We did this very minor change on a friday and by monday totally forgot about it. When monday morning came around application folks complained a strange problem. One of their more critical apps had problems re-starting. On this solaris server due to configuration max_nprocs was set to 400 in the /etc/system and ps -ef showed 399 processes. The os couldn't fork anymore processes and server became very sluggish we wrestled with the problem for hours shutdown apps and database and finally decision came to do an emergency reboot in the afternoon.

By evening the system had slowly built itself up to around 400 processes and the problem resurfaced again. We went thru all the processes and
realized that one other application showed consistent errors from the logs, we also saw this application which does some "migration" activity had a large number of backlog processes.

One of the good things about Solaris operating system is that it has a command called truss. We manually ran the command with 'truss' and from the debug output managed see that it was trying to logon to the backend storage server via ftp service but complained about a 'login mismatch' so in the meantime the number of file transfer requests started growing and this began to have a 'knock on' effect on the other applications. Once we excluded that user from /etc/ftpusers on the backend server we saw a substantial drop in the number of process and things started to normalize.

Mistakes: didn't do 'last | grep ftp' as a pre-check before implementing script.

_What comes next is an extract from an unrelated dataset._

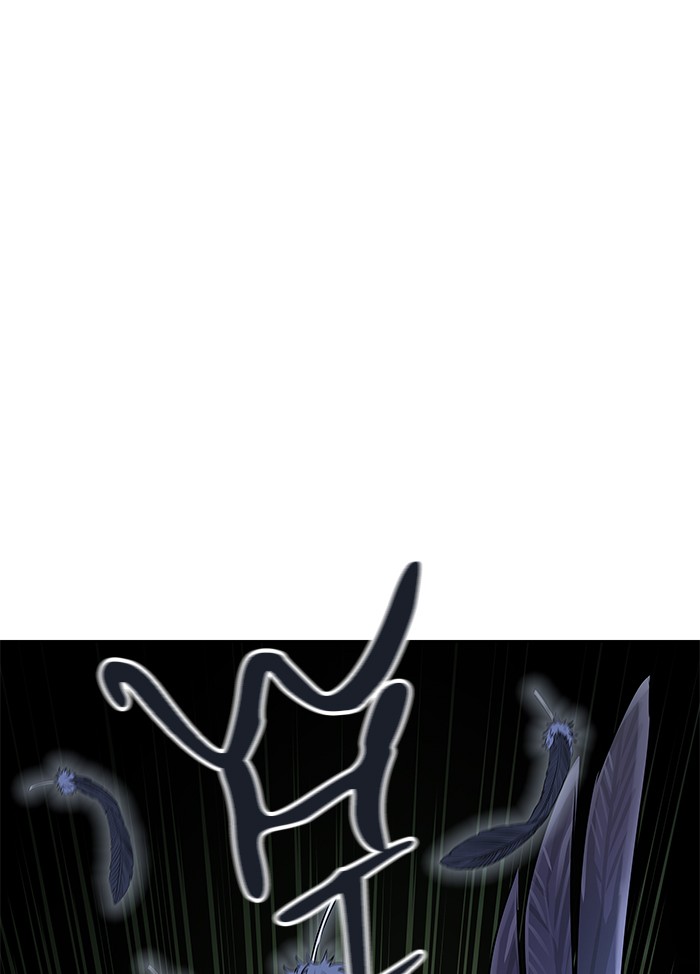 Tower of God Chap 83 - Next Chap 84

figaro · May 18, 2011, 4:54pm

Today we received an email from one of our clients requesting a password reset. He is non-technical to say the least. We provide him the password, telling him it has been reset, but it is always the same one. He has multiple, one for the domain, one for the hosting company, one for ftp etc etc, each having its own password. We really shouldn't have these, but it is just easier to help him, look up the password from the list and gain some goodwill. Big security breach.

jim_mcnamara · May 18, 2011, 5:39pm

We turned 3 - M4000's into the power of of one v445.

We were required to use SAN that is not fully supported by Solaris 10- Eqallogic PS6000.
Our I/O is beyond pathetic. We have latencies of 300ms on the production SAN. We are playing with data links and other things to get around the fact that the iSCSi initiator cannot create mote than four sessions. Our SAN can handle 16 sessions without even breathing hard. There are loads of problems.

I now know more about scsi_vhci than ever before. Wrote some C system code to look at what the driver thinks it has for parms.

One of our M4000 boxes when correctly configured, can do 5-10 times what a v445 can do. Our three boxes together cannot even do that, we are so terribly I/O bound.

Oracle Sun contacted us. They plan on driver enhancements (scsi_vhci).